ACTION ITEM: As the answer, set down the lines below from the one containing "Civil War Tintype" through the one containing "Phường Cửa Lò", exactly and inclusively, and no others.
__________
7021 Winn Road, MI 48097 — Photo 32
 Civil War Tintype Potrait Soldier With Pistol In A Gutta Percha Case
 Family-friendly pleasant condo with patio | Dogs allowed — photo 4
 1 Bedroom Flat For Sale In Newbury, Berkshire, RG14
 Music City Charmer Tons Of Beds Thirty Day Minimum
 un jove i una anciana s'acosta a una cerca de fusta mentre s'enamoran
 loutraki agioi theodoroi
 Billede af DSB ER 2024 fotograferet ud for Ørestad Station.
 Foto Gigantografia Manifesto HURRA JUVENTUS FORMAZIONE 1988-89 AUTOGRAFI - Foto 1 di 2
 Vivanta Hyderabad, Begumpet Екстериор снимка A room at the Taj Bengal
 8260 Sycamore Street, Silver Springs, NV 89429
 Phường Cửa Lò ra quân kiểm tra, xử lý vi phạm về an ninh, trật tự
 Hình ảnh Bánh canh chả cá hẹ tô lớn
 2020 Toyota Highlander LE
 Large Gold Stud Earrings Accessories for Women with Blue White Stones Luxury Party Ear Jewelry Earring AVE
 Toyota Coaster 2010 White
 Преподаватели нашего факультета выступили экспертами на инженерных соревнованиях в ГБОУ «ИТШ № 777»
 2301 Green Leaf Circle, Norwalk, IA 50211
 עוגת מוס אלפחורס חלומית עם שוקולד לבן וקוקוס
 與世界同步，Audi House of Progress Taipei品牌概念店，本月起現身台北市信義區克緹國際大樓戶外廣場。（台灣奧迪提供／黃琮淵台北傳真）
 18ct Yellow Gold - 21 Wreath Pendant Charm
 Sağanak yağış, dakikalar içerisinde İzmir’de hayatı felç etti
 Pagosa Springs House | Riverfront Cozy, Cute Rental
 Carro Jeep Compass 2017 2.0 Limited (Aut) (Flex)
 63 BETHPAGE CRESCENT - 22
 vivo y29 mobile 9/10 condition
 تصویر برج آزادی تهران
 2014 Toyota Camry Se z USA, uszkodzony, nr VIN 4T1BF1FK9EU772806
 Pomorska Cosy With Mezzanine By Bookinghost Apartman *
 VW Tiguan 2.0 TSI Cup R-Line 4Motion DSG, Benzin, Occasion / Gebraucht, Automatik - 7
__________
RESPONSE:
 Civil War Tintype Potrait Soldier With Pistol In A Gutta Percha Case
 Family-friendly pleasant condo with patio | Dogs allowed — photo 4
 1 Bedroom Flat For Sale In Newbury, Berkshire, RG14
 Music City Charmer Tons Of Beds Thirty Day Minimum
 un jove i una anciana s'acosta a una cerca de fusta mentre s'enamoran
 loutraki agioi theodoroi
 Billede af DSB ER 2024 fotograferet ud for Ørestad Station.
 Foto Gigantografia Manifesto HURRA JUVENTUS FORMAZIONE 1988-89 AUTOGRAFI - Foto 1 di 2
 Vivanta Hyderabad, Begumpet Екстериор снимка A room at the Taj Bengal
 8260 Sycamore Street, Silver Springs, NV 89429
 Phường Cửa Lò ra quân kiểm tra, xử lý vi phạm về an ninh, trật tự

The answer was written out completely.